Thanks to its attractive and straightforward platform of over 300 million monthly active users as of 2019, Twitter has become one of the most influential social media networks10,11,12. Twitter has emerged as one of the most influential social media platforms in the realm of political discourse. By analyzing Twitter data alone, previous studies were able to predict election results13,14, identify homophiles and political ties in social networks15,16, and identify communication patterns and social interactions of political events6,17. In addition, interventions via Twitter were shown to be highly influential in political activity18,19. For example, automated Bots18 and the intentional spread of disinformation, commonly referred to as "fake news", were shown to negatively affect political discussion and endanger the integrity of elections19.

Political discourse concerning Israel is exceptionally active, attracting strong emotions, driving engagement on social media, and significantly impacting real-world events.

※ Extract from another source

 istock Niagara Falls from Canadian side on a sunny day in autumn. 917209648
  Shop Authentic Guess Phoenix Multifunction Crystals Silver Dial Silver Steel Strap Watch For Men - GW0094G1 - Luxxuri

In particular, discourse on Israel has spread outside the domain of politics to encourage the boycott of Israeli products, companies20, and various events, such as the 2019 Eurovision Song Contest21 and an Israel–Argentina football match22,23. In some cases, debate participants use non-political content to increase or decrease support for Israel.

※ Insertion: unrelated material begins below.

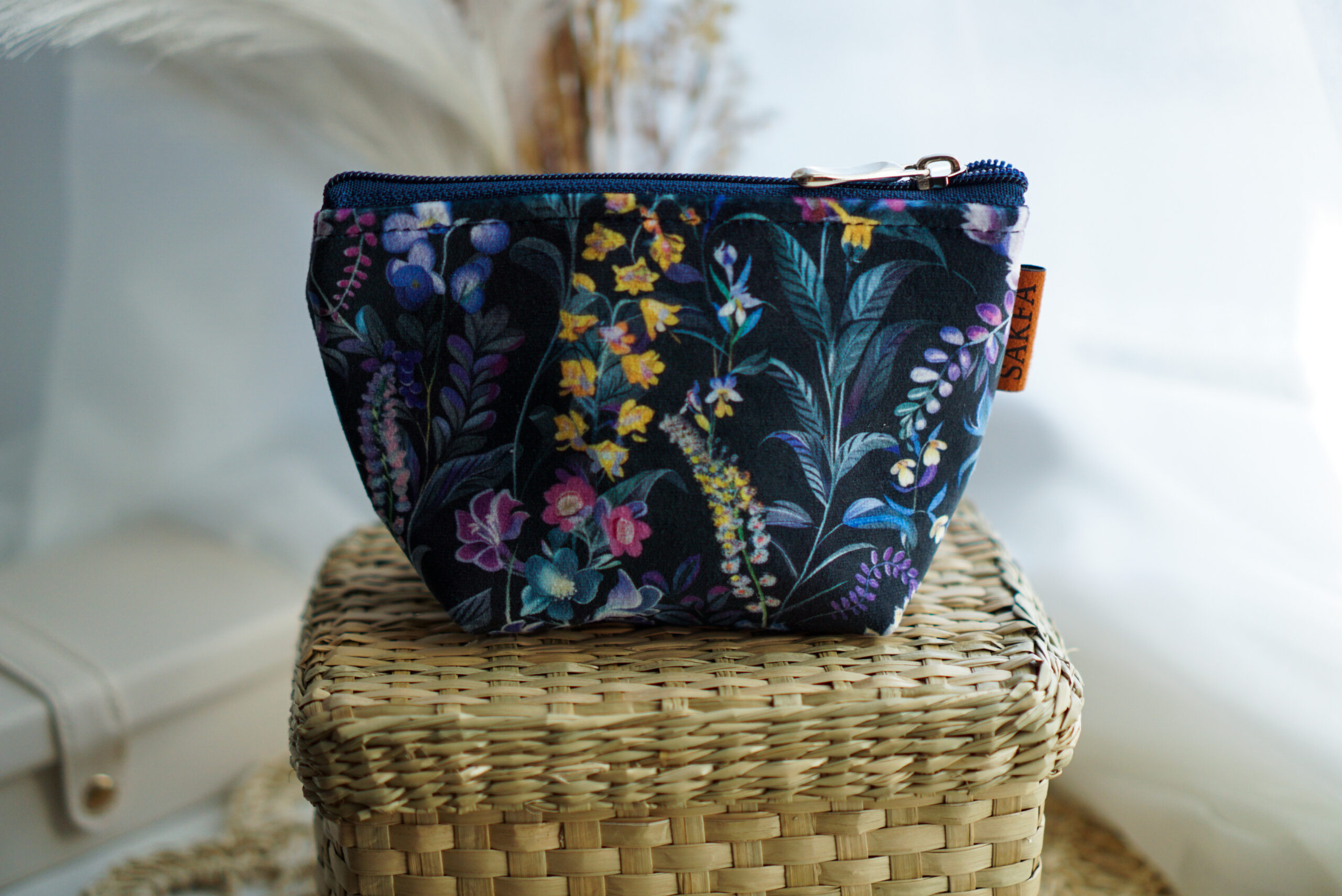 Kosmetyczka zero waste - Polne dwzonki WYSYŁKA 24 H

The observation that social media has a major impact on political settings outcomes triggered multiple studies to explore how to increase Tweets' propagation24,25,26,27,28. By analyzing 74 million Tweets, Suh et al.25 showed that URLs and hashtags in a Tweet are the strongest drivers of retweet rate, which is a crucial measurement to infer the overall propagation of a message in the network. Nam et al.24 also found that groups of Tweets related to a particular keyword or topic have distinctive diffusion patterns and speeds related to the Tweet's content characteristics when being retweeted. More recently, DePaula et al.26 found that Twitter user engagement in local government in the U.S. is closely associated with symbolic and image-based content. These studies underscored that a message's content is at the core of user engagement.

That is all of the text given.